Go back to the main page.
Go back to the "extra" page.

2009-01-10: Keeping myself busy, organizing folders

related: hoarding, bookmarking, etc.

It's always interesting to meet people who are information packrats. Just looking at their hard drive folder organization can be interesting, or even physical file folder setup. Here's what one of my disks looked like five months ago:


When I want to be, I can be amazingly thorough in organizing information. This is especially true for a limited number of categories of things to go into. When my father would always want to clean my room, he'd say there's only either trash or something that must go into a pre-set category (I very much disagree with this- don't ever do this, it *hurts*). I could personally trace every single detail of everything that I ever had: receipts, wrappers, cords, wires, electronic equipment, thousands of pages of hand-written notes when away from a keyboard, etc. So as you reduce the number of categories in to which to sort things, naturally there are more mistakes and you end up with a high quality of cleanliness and the appearance of a job well done. Meanwhile, future requirements might depend on information that has been sorted into 'trash' or something incorrectly by others who don't know how to properly sort or deal with the information, which is strong motivation for not dealing with a significant portion of my own personal information archive. I am not convinced that increasing the number of folders or the number of categories into which to sort things is the proper way to do it, and this applies the same for tagging and other semantic-philosophical equivalent subjects, but it's kind of what the current file systems force you to do, and it's certainly what you have to do with physical file folder systems.

So, for now, let's just all assume we're happy with the hierarchical file folder sorting system plus symbolic links.

An additional problem creeps up.
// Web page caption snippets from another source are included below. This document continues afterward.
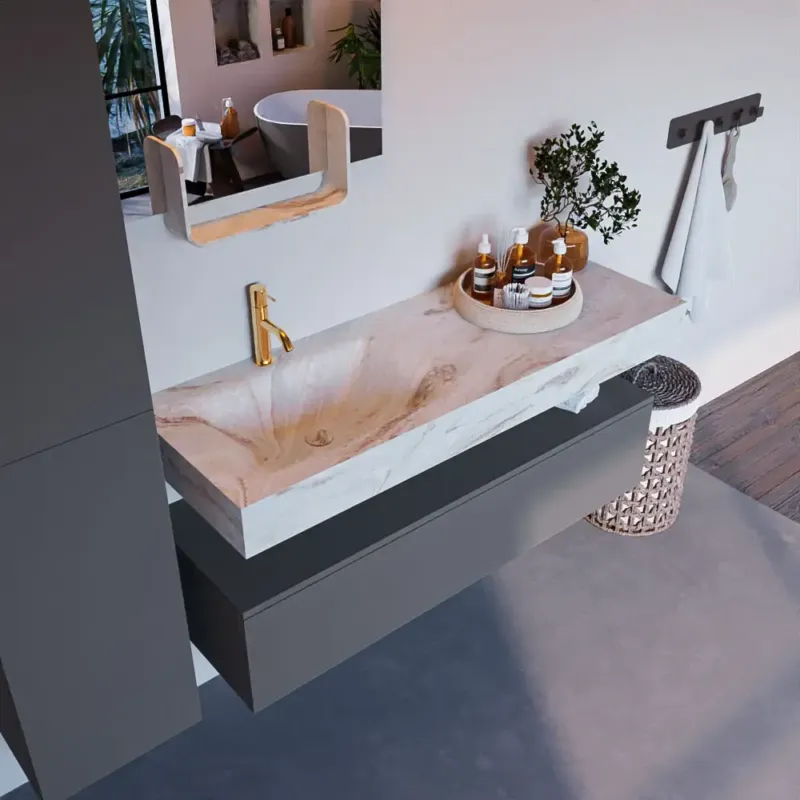 Mondiaz Alan DLux badmeubel 130cm plata 1 lade met wastafel frappe links 1 kraangat Merkproduct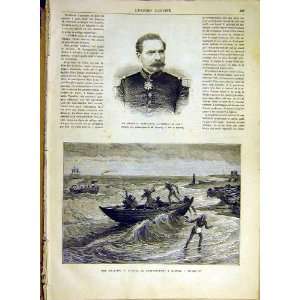   Clinchant Governor Paris Indian Madras Boat Print 1880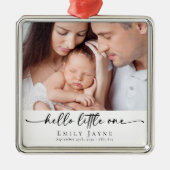 Baby's First Christmas Birth Announcement Metalen Ornament (Voorkant)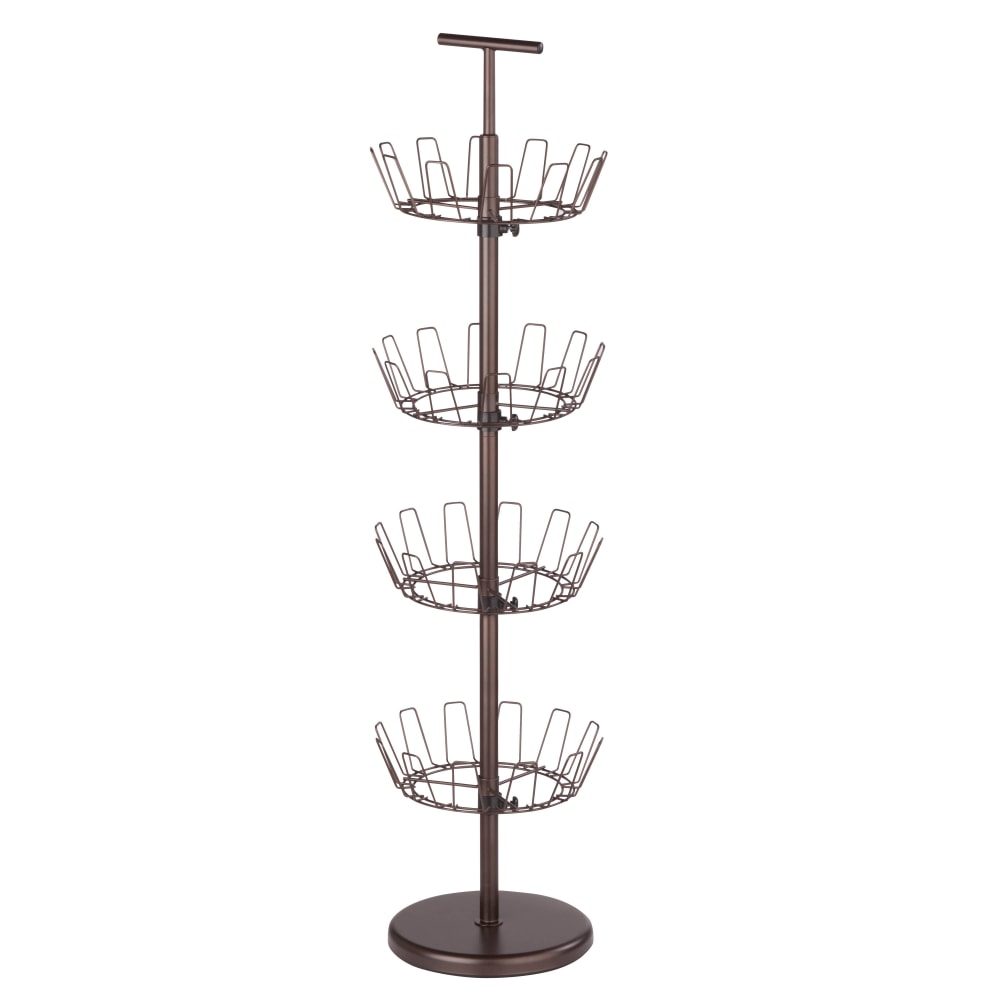 Honey-Can-Do 4-Tier Revolving Shoe Tree, 49 1/4inH x 11 1/2inW x 11 1/2inD, Bronze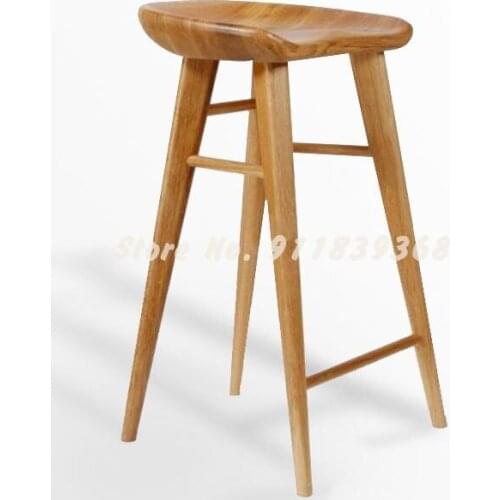 Solid wood bar chair dining chair home Nordic log bar chair simple leisure high stools front desk chair study chair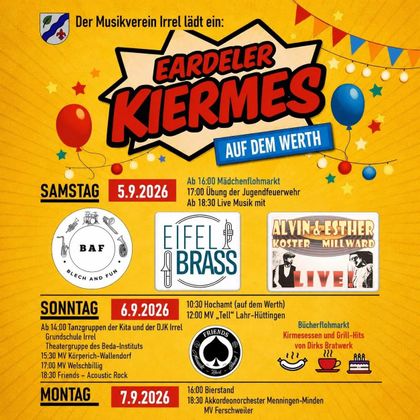 Ein buntes Plakat für das Eardeler Dorffest mit Veranstaltungsdaten. Im Hintergrund sind Palmen und ein schöner Sonnenuntergang zu sehen.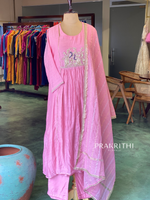 Pink Pure mul chanderi salwar set -SMUL49- SIZE42
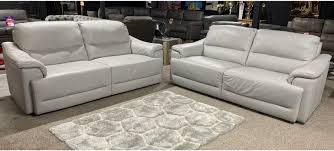 taranto light grey leather 3 3 sofa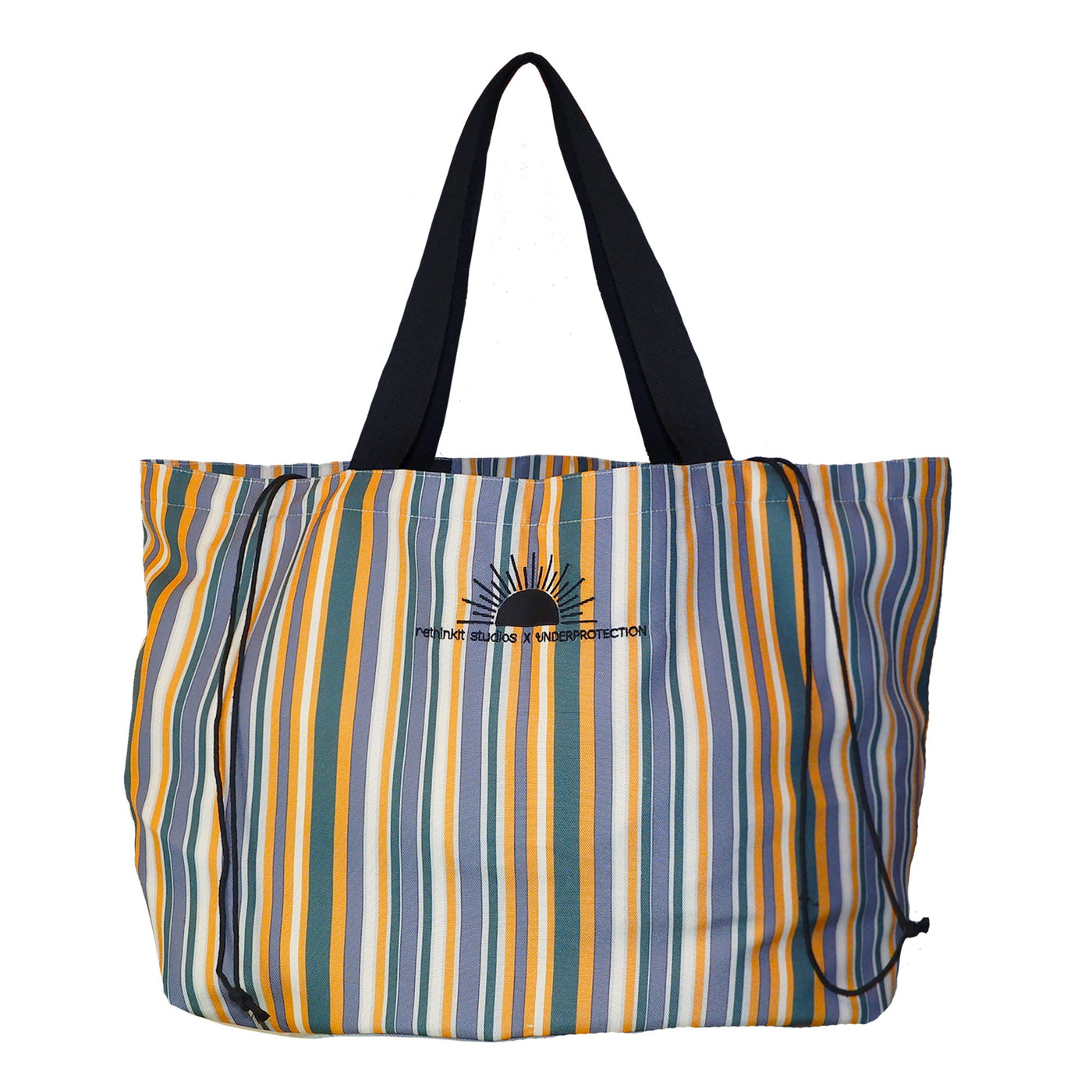 Underprotection Multi colored beach tote bag with string tie and sun logo. Retro inspired tote bag with striped multi colored pattern.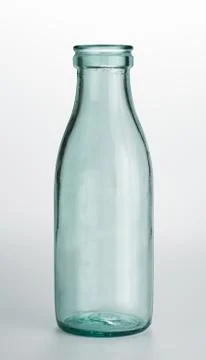 Milk bottle, empty. Isolated with clipping path Stock Photos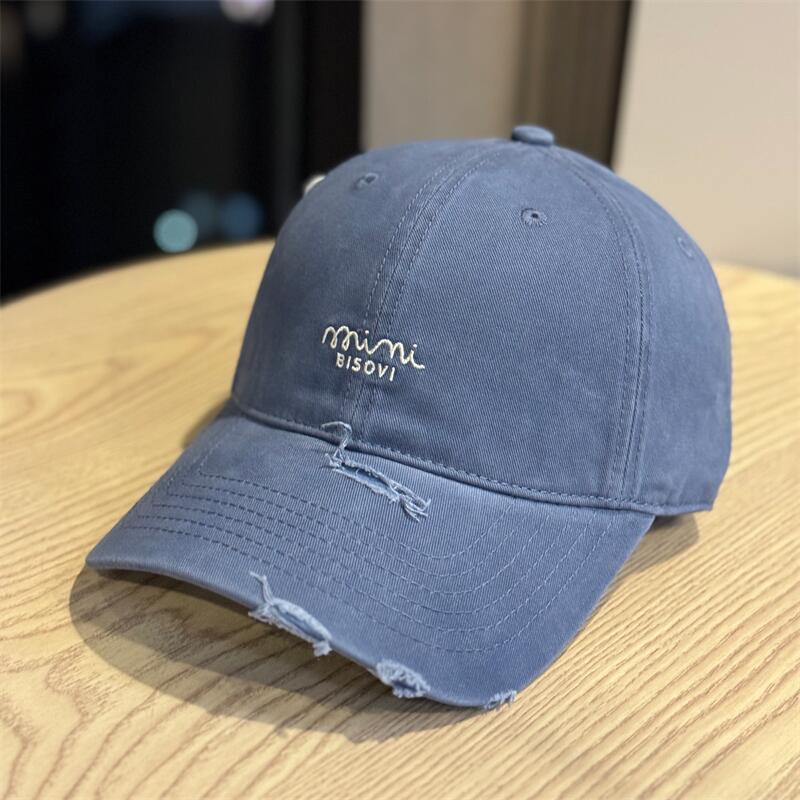 New Letter Embroidered Baseball Cap Women's Spring and Summer Wide Brim Big Face Showing Face Small Cap Big Head Circumference Hat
As you increase the number of file folders, from my own personal observations of my own habits, it's increasingly harder to maintain the integrity of each of the categories and making sure that I don't forget that there is a specific place for a specific type of information to go into. On top of this, the deeper that you go into the hierarchy and so on, the more time you have to spend typing out the path name (or you can train yourself to remember some very convoluted single-symbol acronyms that are all symlinked over to the proper places, but still).

Consistent periodic routine of organizing the framework, spring cleaning, sorting, renaming, moving, relinking, etc., archive/backup rather than delete.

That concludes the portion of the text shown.